In [1]:
import pandas as pd
import numpy as np
import glob
pd.options.display.max_columns = 30
pd.options.display.max_rows = 500

### First step: preliminary cleaning of the database
#### *Preliminary note: the records for 2020 have been extracted in february 2020. Therefore, they are obviously incomplete, which explains some of the discrepancies that can be observed throughout this analysis, regarding the year 2020.*
* Concatenate all csvs in a single dataframe
* Removing all unnecessary info for the analysis

In [2]:
# Concatenating all the csvs
csv_files = glob.glob("../data/final-data/*.csv")
list_data = []
for filename in csv_files:
    data = pd.read_csv(filename, encoding = "latin1", low_memory=False)
    list_data.append(data)
df = pd.concat(list_data,ignore_index=True)

# Sorting by year
df.sort_values(by=["EXERCICE"], ascending = False, inplace=True)

# Removing random trailing whitespaces
for column in df:
    if df[column].dtype == "O":
        df[column] = df[column].str.strip()

# Removal of non-course entries
df.dropna(subset=["CODE_EPR"], inplace=True)

# Removal of personal identifiable information
df.drop(columns=["Preelev", "Nomelev", "DATE_NAISELEV", "CIVILELEV", "CODE_PAYS_NAT", "DOUBLENAT", "RKG_NAT"], inplace=True)

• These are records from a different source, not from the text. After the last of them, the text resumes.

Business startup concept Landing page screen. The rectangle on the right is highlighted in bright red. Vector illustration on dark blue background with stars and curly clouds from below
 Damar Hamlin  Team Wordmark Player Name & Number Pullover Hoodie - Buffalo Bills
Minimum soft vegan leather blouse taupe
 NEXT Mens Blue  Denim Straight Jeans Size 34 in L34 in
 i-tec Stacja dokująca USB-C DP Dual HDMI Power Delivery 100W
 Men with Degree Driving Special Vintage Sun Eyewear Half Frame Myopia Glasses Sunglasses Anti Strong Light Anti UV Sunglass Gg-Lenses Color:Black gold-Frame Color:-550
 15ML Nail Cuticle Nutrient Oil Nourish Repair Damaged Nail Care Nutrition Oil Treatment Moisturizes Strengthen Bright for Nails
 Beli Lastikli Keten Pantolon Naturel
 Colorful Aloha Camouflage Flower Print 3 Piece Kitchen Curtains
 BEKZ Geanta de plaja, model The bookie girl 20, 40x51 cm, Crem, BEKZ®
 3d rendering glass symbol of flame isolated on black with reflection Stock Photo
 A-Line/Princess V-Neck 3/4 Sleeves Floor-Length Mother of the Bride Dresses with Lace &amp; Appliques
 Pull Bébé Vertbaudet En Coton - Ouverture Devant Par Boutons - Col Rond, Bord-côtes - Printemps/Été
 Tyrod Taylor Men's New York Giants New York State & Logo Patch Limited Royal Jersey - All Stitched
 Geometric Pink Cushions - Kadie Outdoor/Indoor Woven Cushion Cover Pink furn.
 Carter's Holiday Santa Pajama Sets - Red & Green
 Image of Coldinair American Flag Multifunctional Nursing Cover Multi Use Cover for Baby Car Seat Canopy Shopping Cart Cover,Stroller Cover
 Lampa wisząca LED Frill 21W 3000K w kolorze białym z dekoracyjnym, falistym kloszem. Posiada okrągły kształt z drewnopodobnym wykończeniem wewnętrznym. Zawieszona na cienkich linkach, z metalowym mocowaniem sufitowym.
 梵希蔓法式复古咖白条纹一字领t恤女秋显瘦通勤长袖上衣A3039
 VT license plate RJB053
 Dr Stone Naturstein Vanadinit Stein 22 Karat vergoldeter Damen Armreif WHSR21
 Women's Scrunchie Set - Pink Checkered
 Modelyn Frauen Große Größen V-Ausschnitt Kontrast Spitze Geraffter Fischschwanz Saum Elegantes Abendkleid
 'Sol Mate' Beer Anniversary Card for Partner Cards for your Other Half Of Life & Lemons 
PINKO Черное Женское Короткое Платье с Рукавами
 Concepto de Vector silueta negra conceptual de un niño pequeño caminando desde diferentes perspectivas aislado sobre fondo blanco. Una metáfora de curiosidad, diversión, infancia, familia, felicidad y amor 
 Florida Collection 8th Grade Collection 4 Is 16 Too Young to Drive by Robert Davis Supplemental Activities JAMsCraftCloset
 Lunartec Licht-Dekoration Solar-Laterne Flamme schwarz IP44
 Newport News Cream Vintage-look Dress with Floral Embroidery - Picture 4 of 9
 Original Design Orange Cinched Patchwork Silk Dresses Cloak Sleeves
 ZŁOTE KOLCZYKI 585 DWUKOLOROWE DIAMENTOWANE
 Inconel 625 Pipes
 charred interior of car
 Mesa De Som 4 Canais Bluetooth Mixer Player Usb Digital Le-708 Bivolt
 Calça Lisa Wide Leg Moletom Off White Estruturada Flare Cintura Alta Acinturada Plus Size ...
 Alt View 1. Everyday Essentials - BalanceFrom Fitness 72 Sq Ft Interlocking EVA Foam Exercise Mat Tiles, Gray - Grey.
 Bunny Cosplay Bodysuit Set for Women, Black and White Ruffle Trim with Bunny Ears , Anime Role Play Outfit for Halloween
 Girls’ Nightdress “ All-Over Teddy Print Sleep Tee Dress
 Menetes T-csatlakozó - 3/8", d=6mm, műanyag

# Removal of mandatory courses
df = df[df["OBLIG"] != 1]
df = df[df["OBLIG"] != 2]
df = df[df["OBLIG"] != 3]

# Removal of non-PGE students
df = df[df["CODE_SITE"] == "TARGET CAMPUS"]

df.shape
try:
    df.drop(columns=["Unnamed: 0"], inplace=True)
except:
    pass


In [3]:
df.shape

(591319, 23)

#### Result: the dataframe contains approximately 591k records (down from initial >1,500k)

### Step two: deep cleaning of the dataset
*See comments for details*

In [4]:
# Removing courses with few students or targeted at a very specific audience
df = df[~df["CODE_EPR"].astype(str).str.contains("^[5OBCILSVX]+")]
df = df[~df["CODE_EPR"].astype(str).str.startswith("EM")]
df = df[~df["CODE_EPR"].astype(str).str.startswith("HUMA")]
df = df[~df["CODE_EPR"].astype(str).str.startswith("EI")]
df = df[~df["CODE_EPR"].astype(str).str.startswith("RL")]
df = df[~df["CODE_EPR"].astype(str).str.startswith("ERM")]
df = df[~df["CODE_EPR"].astype(str).str.startswith("GE")]
df = df[~df["CODE_EPR"].astype(str).str.startswith("POL")]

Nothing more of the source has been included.